Unless a line falls after the one with "Salmão vitrificado com damasco com Bokchoy", retype it exactly from the records below; leave out all pictures.

Exercise materials Block Start

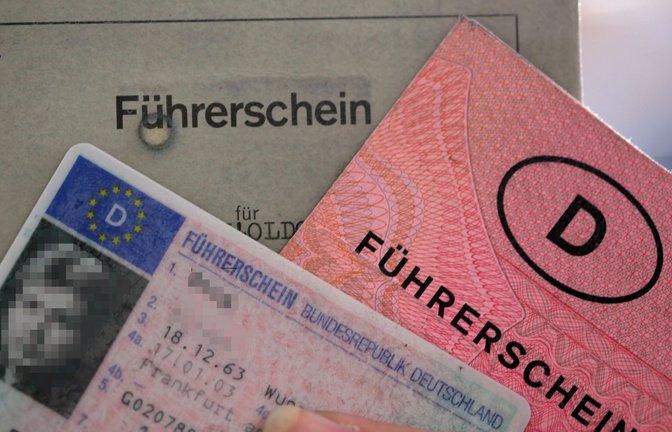 Damit die Führerscheine in der EU einheitlich und fälschungssicher werden, müssen alte Führerscheine in das europäische Scheckkartenformat umgetauscht werden. Die Fristen und Modalitäten im Überblick.<span class='image-autor'>Foto: dpa</span>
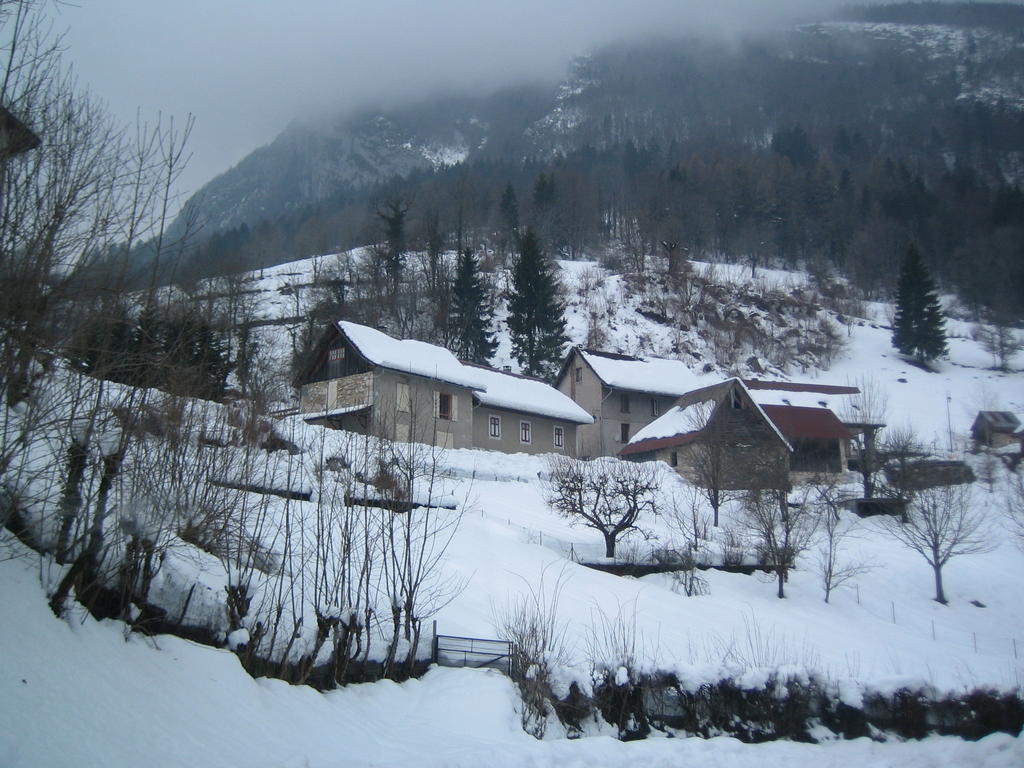 La Chouette A L'Heure Du Pinson Bed and Breakfast Saint-Pierre-d'Entremont  Buitenkant foto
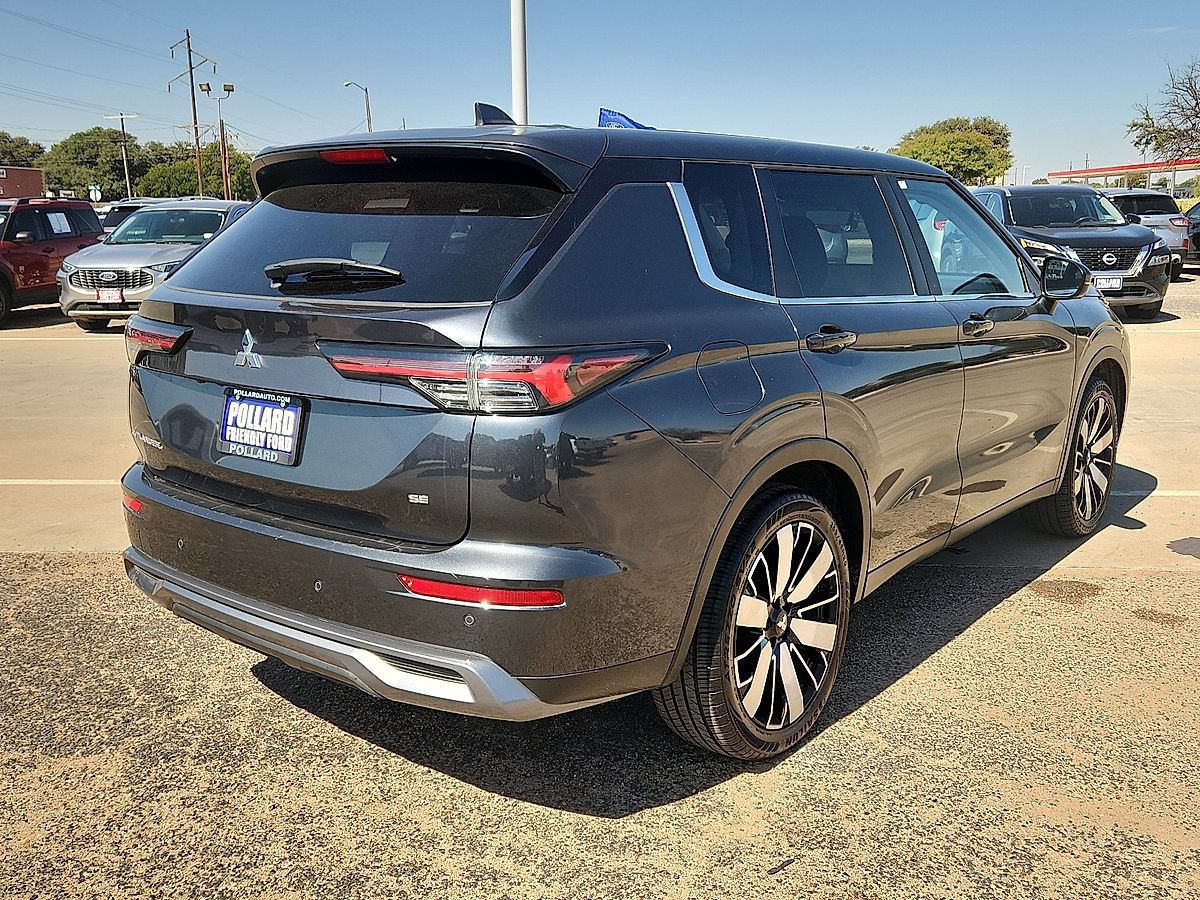 Used 2025 Mitsubishi Outlander SE FWD image 4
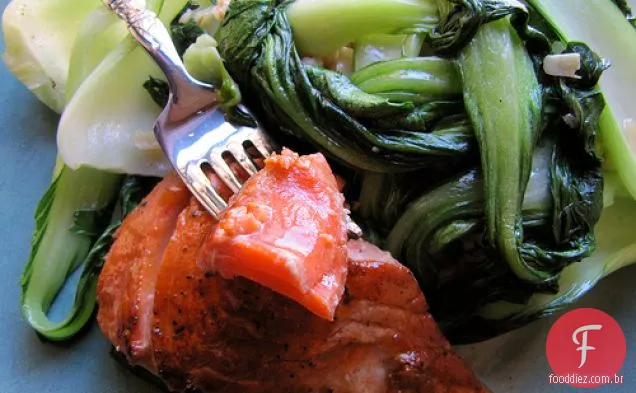 Salmão vitrificado com damasco com Bokchoy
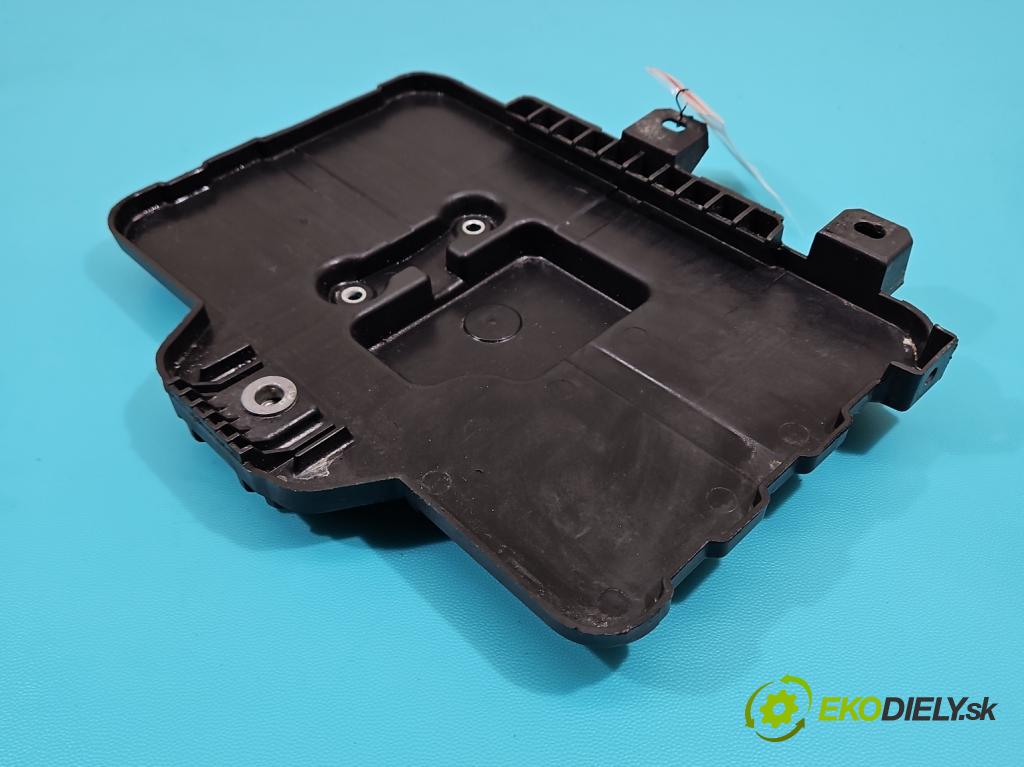 Suzuki Vitara II 2015- 1.4 T 129 hp automatic 95 kW 1373 cm3 5- Základ: ostatní: 72521-61M10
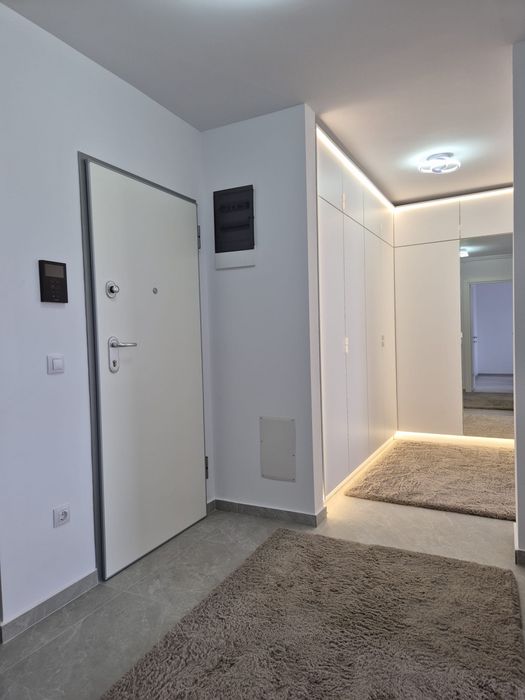 Proprietar - inchiriez ap 2 camere in Casa Nobel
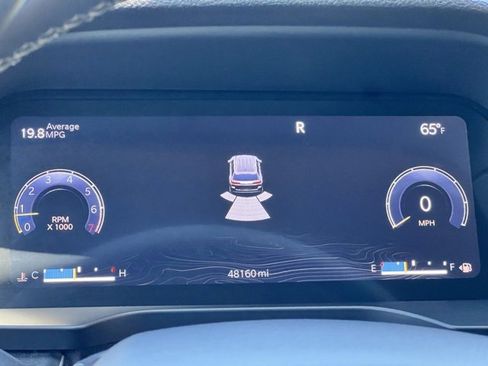 Used 2023 Jeep Grand Cherokee L Laredo image 34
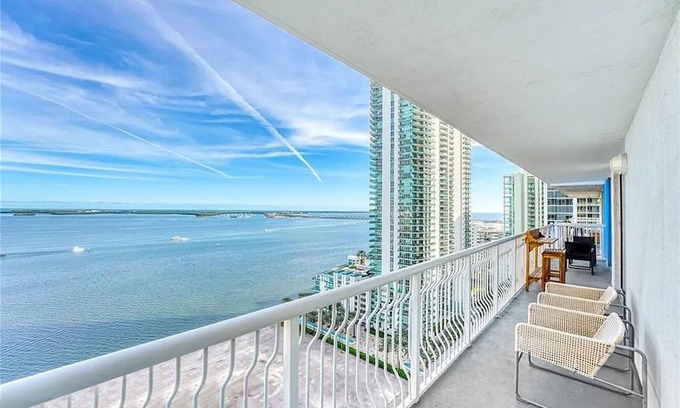 Brickell Condo | Huge Condo Miami Brickell 3bdr 2bth Free Parking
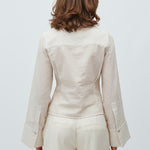 Kalanna-M_White Feather Grey Stripe_Model_1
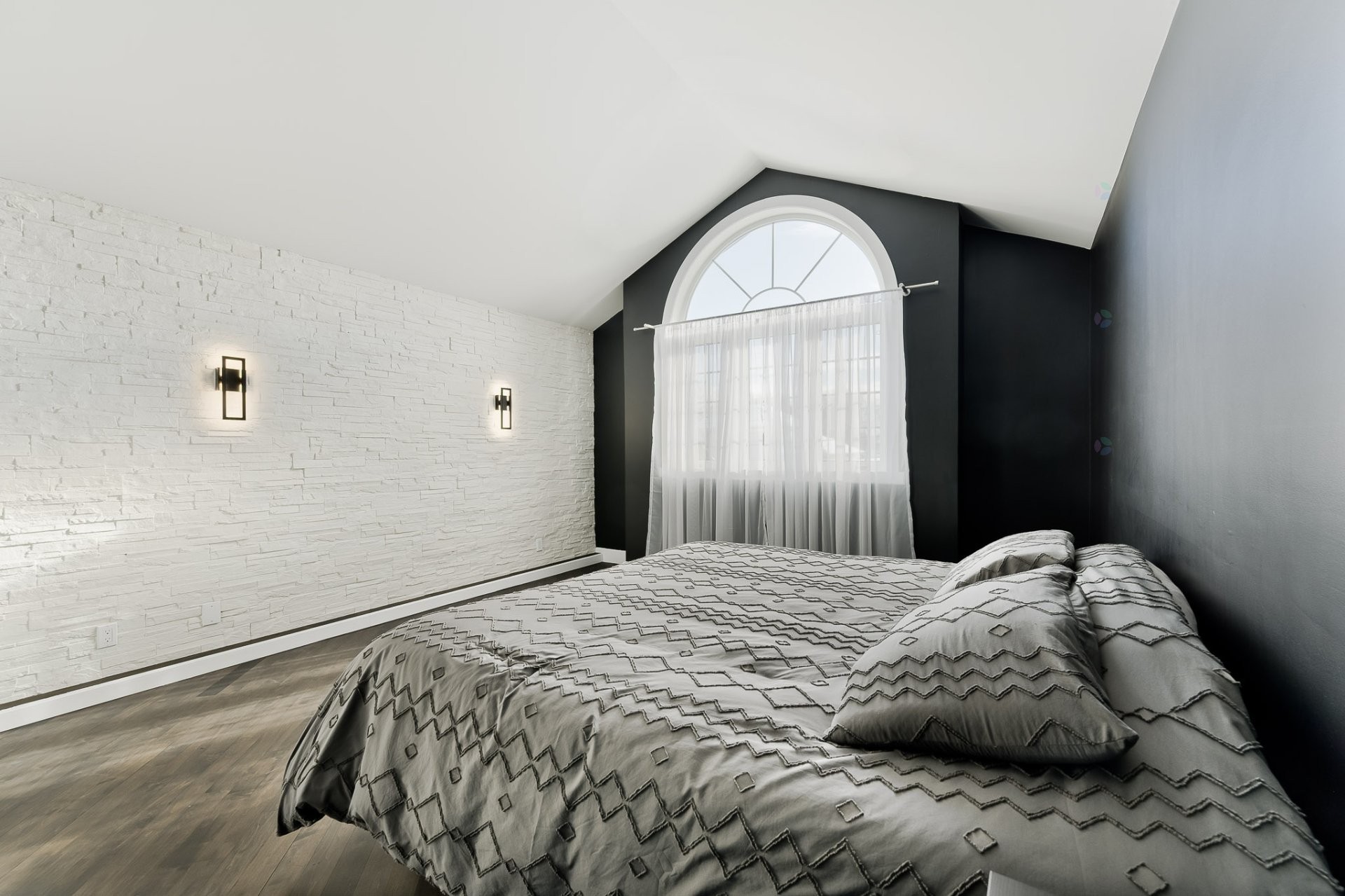 









170


Rue Jean

,
Saint-Jean-sur-Richelieu,




QC
J2W2C8

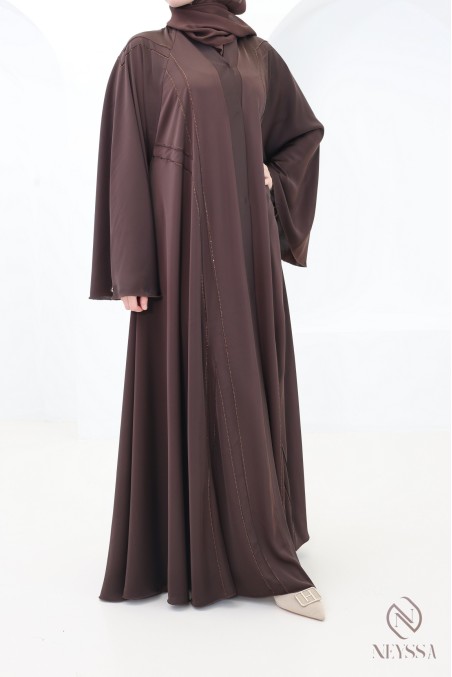 Abaya Dubaï coupe évasée marron, tenue Aïd femme musulmane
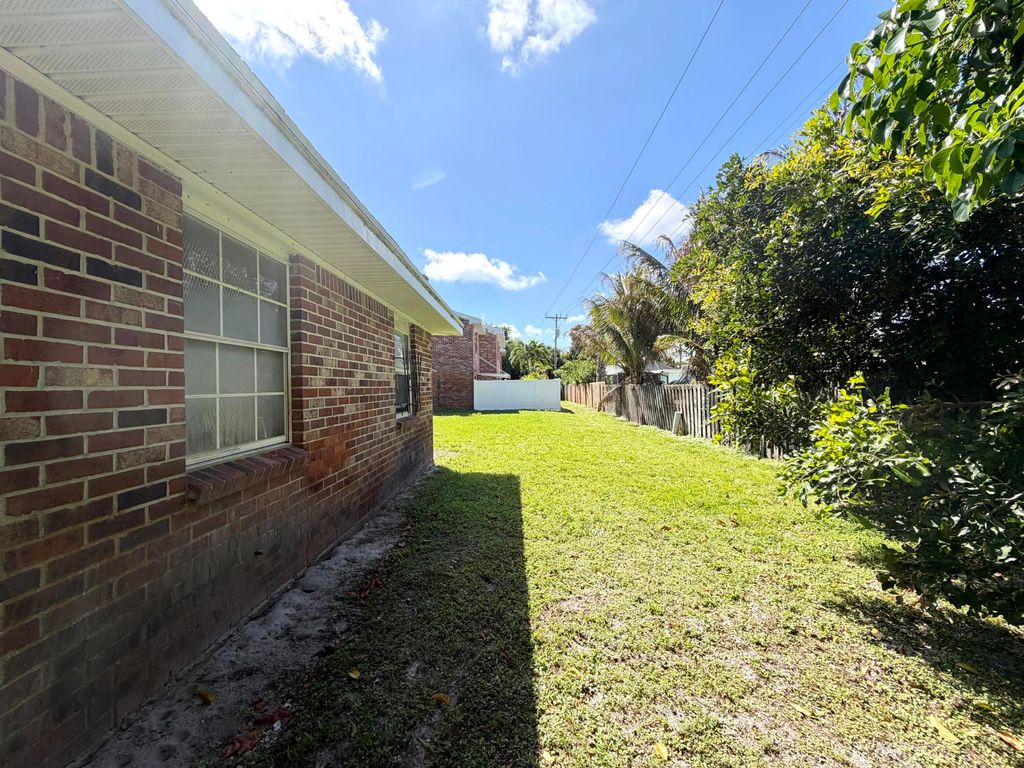 Photo of 413 N Cypress Drive #4, Tequesta, FL 33469 (MLS # R11150431)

Exercise materials Block End

§ Response box:
 Damit die Führerscheine in der EU einheitlich und fälschungssicher werden, müssen alte Führerscheine in das europäische Scheckkartenformat umgetauscht werden. Die Fristen und Modalitäten im Überblick.<span class='image-autor'>Foto: dpa</span>
 La Chouette A L'Heure Du Pinson Bed and Breakfast Saint-Pierre-d'Entremont  Buitenkant foto
 Used 2025 Mitsubishi Outlander SE FWD image 4
 Salmão vitrificado com damasco com Bokchoy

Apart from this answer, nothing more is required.